Satya Nadella (Microsoft): “Expect us to incorporate AI into every layer of the stack”


On Tuesday evening during Microsoft’s fiscal second quarter earnings conference call with Wall Street analysts, CEO Satya Nadella offered what is perhaps his broadest view yet on what the investment of the company in the OpenAI startup, based in San Francisco and creator of the very popular ChatGPT, stands for Microsoft.

OpenAI, he said, is part of the next wave of computing. “The next big wave will be AI, and we strongly believe that much of business value is created by the ability to catch those waves and make those waves impact every part of our technology stack, and also create new solutions and new opportunities,” said Nadella.

To that end, Microsoft “fully expects to embed AI into every layer of the stack, whether in productivity or in our customer services, and so we’re excited about that.”

GitHub CoPilot, first example of the power of GPT-3

About the partnership with OpenAI, Nadella remarked, “There’s an investment part, and there’s a business partnership, but fundamentally it’s going to be something that’s going to drive, I think, innovation and competitive differentiation in each of Microsoft’s solutions by being a leader in AI.”

Currently, applications developed with OpenAI are GitHub CoPilot, where neural networks help programmers perform coding tasks. “GitHub Copilot is the most scaled LLM,” Nadella said, using neural network industry jargon, “based on the product existing on the market today.

OpenAI’s GPT-3, which is part of how ChatGPT works, is one of the largest large language models in the world, measured by the number of parameters, or neural “weights.”

Support for ChatGPT is coming

Microsoft, Nadella said, “will soon add support for ChatGPT,” he said, “allowing customers to use it in their own apps for the first time.”

Azure recently made available a service called Azure OpenAI Service, a way for developers to access OpenAI programs, and “more than 200 customers, from KPMG to Al Jazeera, use it,” he said. note.

Nadella hinted that the company would further integrate the technology into Microsoft products, including as part of Synapse. Synapse is Microsoft’s “catch-all” database approach to building a “data warehouse” and a “data lake”, common ways of bringing data together for parsing and then running queries. D equoi, perhaps, overshadow the structured databases.

The Unstructured Database and AI Link

“You can see us with data services beyond Azure OpenAI Service,” Nadella told analysts, “Think what Synapse plus OpenAI APIs can do.” However, he did not elaborate on this point.

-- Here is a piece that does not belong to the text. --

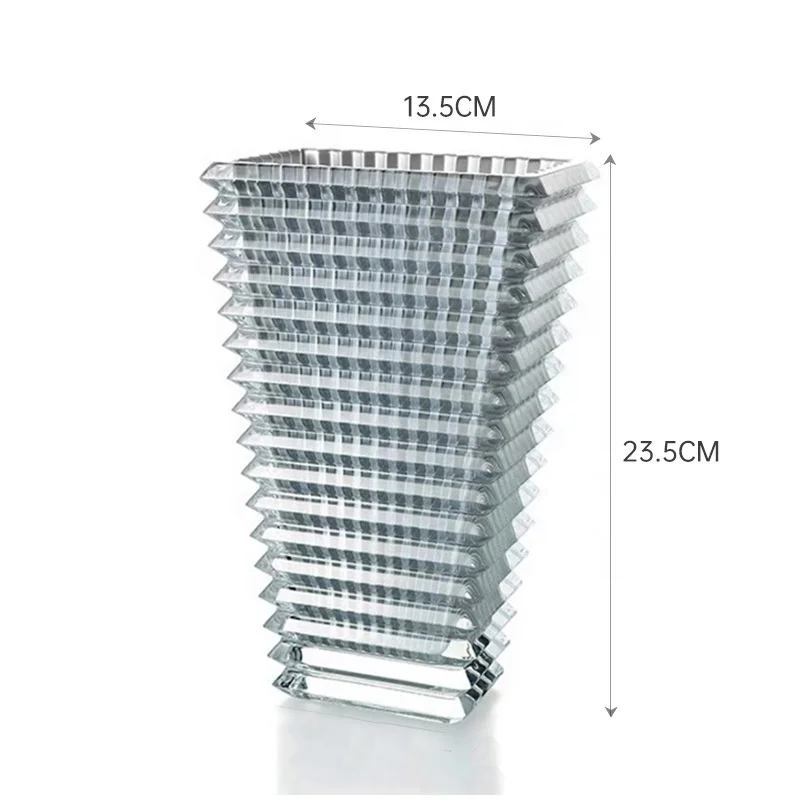 Embossed Wide Mouth Vase, Square Flower Vase Plant Pot Tabletop Decorative 3 Size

After telling analysts that customers are tightening their belts when it comes to cloud spending, he said Microsoft is continuously investing in OpenAI and other AI capabilities.

In particular, Microsoft Azure must invest in developing not only the part of its computing facilities that develops OpenAI code, the so-called “training”, but also the vast infrastructure that responds to the millions of queries from users of the software, what is called in the trade “inference.

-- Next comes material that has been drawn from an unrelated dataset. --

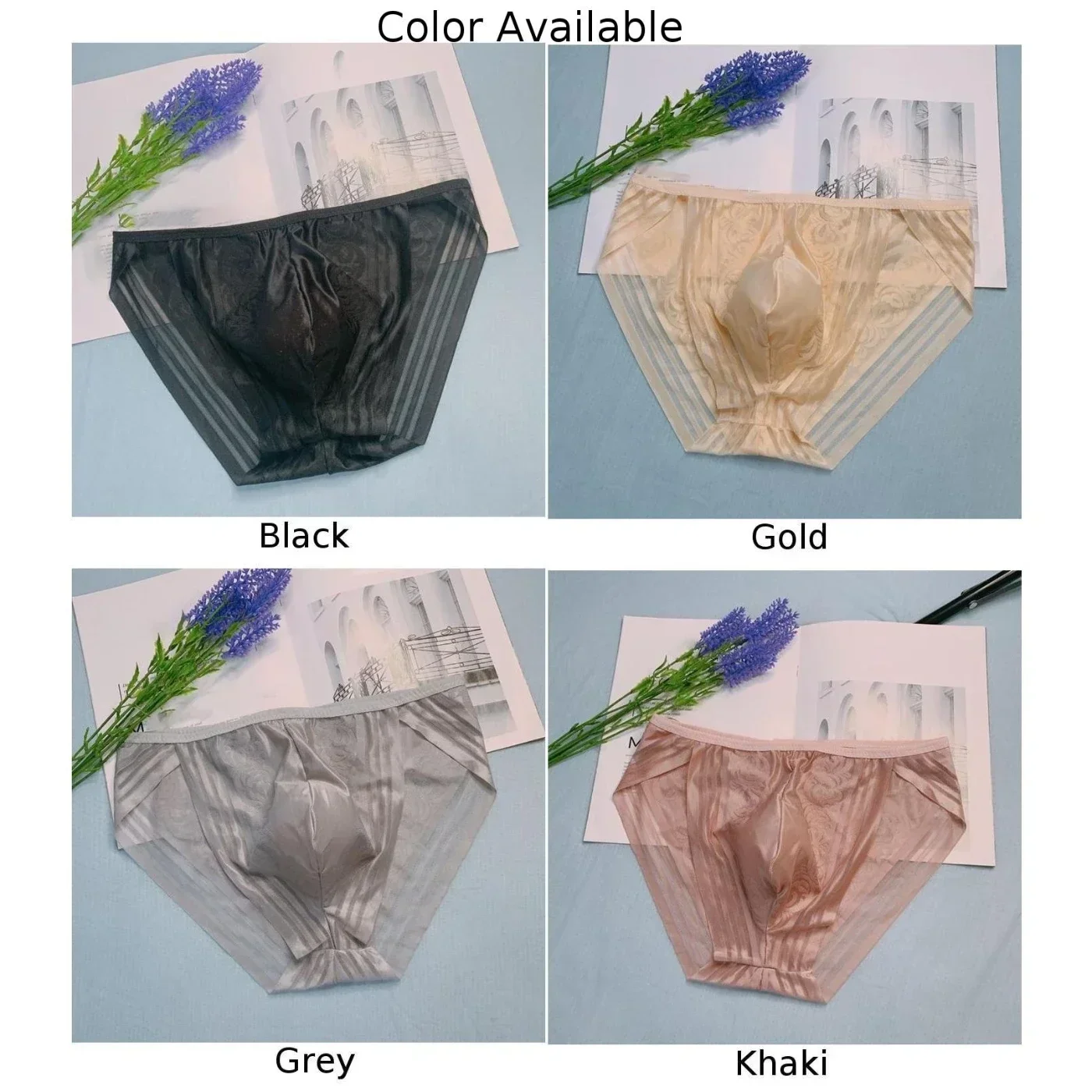 1pc Men\'s Sexy Seamless See Through Briefs Shorts Bulge Pouch Underpants Underwear Male Lingerie Panties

“The infrastructure business is changing”

“We are working very, very hard to build both the training supercomputers and now, of course, the inference infrastructure,” he said. “Because once you use AI inside your apps, it goes from just heavy training to inference.”

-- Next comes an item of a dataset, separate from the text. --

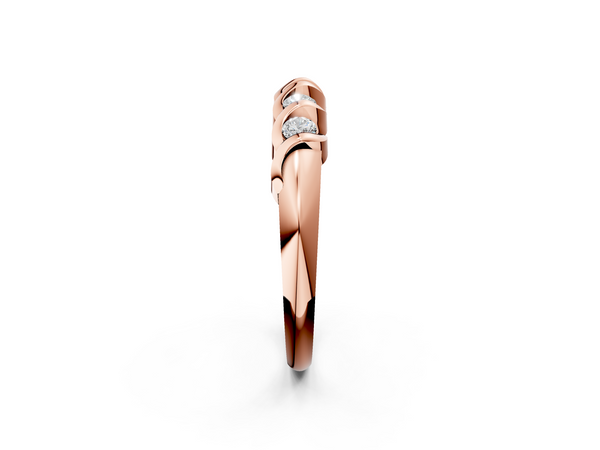 Rose gold Round Diamond Eternity Band with Twist Prong Setting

This design change, Nadella said, will further push customers towards Azure. “I don’t think any app startups that happen in the near future will look like app startups from 2019 or 2020,” he said.

“They’ll all have considerations of how the AI ​​inference, the performance, the cost, the model is going to look like, and that’s where we’re well positioned again.”

Because of the ubiquity of AI, Nadella said, “I think the core of Azure itself is transforming, the infrastructure business is transforming.”